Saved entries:
%%

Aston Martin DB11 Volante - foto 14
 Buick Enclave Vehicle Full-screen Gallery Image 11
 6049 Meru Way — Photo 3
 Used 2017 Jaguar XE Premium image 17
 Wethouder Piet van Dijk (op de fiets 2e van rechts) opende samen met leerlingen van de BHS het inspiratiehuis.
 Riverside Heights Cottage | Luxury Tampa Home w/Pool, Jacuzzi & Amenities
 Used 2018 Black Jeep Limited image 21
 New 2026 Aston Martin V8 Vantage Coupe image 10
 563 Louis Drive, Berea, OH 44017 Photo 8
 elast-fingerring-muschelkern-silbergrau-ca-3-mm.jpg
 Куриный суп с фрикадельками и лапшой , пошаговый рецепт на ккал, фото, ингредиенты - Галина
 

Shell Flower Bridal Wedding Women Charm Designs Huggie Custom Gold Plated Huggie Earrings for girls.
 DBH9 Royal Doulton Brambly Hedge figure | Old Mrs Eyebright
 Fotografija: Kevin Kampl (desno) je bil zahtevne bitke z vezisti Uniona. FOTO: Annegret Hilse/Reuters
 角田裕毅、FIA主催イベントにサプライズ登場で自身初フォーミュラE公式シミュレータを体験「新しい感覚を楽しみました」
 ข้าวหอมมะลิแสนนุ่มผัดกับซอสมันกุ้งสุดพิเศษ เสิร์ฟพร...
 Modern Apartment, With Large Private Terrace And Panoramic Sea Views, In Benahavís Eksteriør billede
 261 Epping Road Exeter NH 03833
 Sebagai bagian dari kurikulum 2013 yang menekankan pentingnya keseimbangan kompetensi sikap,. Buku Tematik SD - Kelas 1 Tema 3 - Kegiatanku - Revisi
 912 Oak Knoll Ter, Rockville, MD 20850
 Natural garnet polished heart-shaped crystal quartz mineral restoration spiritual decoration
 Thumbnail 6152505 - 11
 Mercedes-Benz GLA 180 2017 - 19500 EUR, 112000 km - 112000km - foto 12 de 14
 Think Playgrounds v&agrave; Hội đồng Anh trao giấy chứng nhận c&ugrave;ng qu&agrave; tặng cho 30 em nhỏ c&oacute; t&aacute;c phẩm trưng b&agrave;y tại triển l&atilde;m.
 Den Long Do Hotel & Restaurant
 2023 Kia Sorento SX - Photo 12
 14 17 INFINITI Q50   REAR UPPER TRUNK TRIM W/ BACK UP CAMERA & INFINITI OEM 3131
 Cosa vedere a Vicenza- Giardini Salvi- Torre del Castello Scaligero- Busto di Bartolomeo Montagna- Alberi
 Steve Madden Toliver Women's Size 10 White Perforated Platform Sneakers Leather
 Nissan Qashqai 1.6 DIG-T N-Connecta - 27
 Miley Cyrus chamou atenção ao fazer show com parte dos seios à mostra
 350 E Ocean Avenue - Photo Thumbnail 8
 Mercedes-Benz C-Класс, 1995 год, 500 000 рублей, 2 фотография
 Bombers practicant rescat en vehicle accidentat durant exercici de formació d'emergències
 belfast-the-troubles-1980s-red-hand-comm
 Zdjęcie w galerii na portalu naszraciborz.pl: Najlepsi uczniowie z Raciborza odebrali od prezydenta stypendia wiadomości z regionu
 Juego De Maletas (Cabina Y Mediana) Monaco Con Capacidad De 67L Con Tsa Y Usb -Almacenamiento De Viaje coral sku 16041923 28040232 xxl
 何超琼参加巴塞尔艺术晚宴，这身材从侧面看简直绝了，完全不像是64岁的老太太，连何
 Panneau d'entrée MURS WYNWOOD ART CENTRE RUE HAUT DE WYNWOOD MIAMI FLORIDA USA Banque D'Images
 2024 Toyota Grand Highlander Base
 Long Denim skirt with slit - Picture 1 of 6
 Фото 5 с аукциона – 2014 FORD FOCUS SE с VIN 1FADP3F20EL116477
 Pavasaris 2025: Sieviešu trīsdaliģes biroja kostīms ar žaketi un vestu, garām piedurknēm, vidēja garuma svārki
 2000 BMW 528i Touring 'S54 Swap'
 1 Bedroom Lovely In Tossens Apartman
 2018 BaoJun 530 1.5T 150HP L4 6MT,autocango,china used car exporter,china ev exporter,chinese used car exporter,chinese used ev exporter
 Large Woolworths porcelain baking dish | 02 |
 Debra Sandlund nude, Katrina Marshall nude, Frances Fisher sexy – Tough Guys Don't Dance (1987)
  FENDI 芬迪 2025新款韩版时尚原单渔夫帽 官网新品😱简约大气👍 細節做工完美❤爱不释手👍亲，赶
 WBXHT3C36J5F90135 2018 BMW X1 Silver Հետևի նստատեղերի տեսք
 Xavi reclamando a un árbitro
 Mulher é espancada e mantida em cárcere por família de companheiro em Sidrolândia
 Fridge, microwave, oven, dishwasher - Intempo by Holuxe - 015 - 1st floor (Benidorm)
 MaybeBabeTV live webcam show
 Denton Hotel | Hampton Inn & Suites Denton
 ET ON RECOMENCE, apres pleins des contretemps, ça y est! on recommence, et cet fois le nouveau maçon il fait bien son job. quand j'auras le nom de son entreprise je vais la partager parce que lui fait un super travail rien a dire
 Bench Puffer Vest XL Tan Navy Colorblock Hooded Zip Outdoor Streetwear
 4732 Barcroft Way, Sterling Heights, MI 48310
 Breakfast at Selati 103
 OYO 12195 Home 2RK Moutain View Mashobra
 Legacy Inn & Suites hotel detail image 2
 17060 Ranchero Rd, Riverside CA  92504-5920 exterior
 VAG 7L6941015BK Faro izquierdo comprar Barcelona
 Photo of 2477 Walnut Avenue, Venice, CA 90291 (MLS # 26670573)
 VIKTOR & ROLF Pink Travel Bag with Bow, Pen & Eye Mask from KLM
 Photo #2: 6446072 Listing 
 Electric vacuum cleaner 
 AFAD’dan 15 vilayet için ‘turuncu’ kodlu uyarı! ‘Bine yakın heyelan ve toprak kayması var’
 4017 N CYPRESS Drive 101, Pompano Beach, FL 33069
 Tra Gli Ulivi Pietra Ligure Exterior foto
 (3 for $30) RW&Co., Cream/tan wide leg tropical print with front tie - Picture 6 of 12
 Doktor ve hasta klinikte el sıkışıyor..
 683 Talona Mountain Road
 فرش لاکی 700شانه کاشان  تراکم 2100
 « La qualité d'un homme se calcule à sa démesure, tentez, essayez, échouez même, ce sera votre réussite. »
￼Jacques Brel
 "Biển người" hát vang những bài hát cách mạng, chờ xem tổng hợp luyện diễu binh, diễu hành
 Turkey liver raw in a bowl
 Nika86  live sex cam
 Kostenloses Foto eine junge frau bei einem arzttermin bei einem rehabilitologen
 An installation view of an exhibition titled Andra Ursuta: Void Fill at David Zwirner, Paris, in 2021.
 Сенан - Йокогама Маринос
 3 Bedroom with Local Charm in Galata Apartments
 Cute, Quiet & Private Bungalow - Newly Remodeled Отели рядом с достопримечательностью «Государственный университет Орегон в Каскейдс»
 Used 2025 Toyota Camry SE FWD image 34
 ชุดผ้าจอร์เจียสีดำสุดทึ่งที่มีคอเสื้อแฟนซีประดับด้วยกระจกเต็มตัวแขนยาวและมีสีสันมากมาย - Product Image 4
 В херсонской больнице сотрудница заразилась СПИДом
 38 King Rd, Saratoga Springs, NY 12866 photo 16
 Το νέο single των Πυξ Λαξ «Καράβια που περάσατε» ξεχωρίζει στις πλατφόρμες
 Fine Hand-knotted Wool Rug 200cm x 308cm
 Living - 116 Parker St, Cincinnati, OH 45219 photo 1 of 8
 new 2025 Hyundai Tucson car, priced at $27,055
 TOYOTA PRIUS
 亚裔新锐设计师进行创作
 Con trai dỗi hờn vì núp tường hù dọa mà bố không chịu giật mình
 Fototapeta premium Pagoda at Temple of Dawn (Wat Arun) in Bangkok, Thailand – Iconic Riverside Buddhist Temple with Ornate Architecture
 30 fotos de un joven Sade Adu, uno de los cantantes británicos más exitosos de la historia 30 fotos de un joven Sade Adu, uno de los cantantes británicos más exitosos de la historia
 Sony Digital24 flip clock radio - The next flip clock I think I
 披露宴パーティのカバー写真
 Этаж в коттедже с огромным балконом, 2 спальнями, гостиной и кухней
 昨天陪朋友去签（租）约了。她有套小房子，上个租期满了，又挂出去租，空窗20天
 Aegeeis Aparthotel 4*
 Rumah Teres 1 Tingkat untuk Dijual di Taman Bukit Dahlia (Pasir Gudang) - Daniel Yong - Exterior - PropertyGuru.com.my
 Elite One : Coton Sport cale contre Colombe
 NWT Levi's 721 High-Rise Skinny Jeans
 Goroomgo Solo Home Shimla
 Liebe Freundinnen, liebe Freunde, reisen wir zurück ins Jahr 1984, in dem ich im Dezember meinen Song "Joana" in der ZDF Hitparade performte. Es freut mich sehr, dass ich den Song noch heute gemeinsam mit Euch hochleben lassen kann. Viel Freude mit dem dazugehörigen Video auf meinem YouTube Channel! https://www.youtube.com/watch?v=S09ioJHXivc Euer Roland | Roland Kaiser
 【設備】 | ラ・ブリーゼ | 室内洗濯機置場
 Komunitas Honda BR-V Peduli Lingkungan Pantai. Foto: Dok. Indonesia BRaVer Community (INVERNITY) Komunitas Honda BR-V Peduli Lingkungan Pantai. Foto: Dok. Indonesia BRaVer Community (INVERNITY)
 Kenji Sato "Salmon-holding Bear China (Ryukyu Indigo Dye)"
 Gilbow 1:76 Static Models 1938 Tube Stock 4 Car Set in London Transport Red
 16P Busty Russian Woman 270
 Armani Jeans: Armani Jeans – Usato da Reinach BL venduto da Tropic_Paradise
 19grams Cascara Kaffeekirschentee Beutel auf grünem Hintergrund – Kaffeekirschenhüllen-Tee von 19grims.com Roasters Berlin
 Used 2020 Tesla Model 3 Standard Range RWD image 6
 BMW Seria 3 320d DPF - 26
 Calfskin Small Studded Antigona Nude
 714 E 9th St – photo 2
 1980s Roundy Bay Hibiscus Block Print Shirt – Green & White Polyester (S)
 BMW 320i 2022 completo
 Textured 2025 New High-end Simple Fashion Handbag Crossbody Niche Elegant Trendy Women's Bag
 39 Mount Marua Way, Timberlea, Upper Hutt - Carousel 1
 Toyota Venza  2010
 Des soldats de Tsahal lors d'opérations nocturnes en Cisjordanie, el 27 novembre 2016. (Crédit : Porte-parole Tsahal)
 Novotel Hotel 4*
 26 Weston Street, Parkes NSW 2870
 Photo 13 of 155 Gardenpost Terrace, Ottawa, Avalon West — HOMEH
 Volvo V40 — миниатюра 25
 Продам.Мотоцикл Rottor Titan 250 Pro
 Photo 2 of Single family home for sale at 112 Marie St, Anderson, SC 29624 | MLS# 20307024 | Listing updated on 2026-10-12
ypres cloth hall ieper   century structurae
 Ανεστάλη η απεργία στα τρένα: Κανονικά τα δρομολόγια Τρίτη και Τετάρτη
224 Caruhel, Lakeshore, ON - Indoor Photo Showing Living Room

%%

Required work: Copy out the lines above word for word, stopping after the line containing "角田裕毅、FIA主催イベント".

Reply:
Aston Martin DB11 Volante - foto 14
 Buick Enclave Vehicle Full-screen Gallery Image 11
 6049 Meru Way — Photo 3
 Used 2017 Jaguar XE Premium image 17
 Wethouder Piet van Dijk (op de fiets 2e van rechts) opende samen met leerlingen van de BHS het inspiratiehuis.
 Riverside Heights Cottage | Luxury Tampa Home w/Pool, Jacuzzi & Amenities
 Used 2018 Black Jeep Limited image 21
 New 2026 Aston Martin V8 Vantage Coupe image 10
 563 Louis Drive, Berea, OH 44017 Photo 8
 elast-fingerring-muschelkern-silbergrau-ca-3-mm.jpg
 Куриный суп с фрикадельками и лапшой , пошаговый рецепт на ккал, фото, ингредиенты - Галина
 

Shell Flower Bridal Wedding Women Charm Designs Huggie Custom Gold Plated Huggie Earrings for girls.
 DBH9 Royal Doulton Brambly Hedge figure | Old Mrs Eyebright
 Fotografija: Kevin Kampl (desno) je bil zahtevne bitke z vezisti Uniona. FOTO: Annegret Hilse/Reuters
 角田裕毅、FIA主催イベントにサプライズ登場で自身初フォーミュラE公式シミュレータを体験「新しい感覚を楽しみました」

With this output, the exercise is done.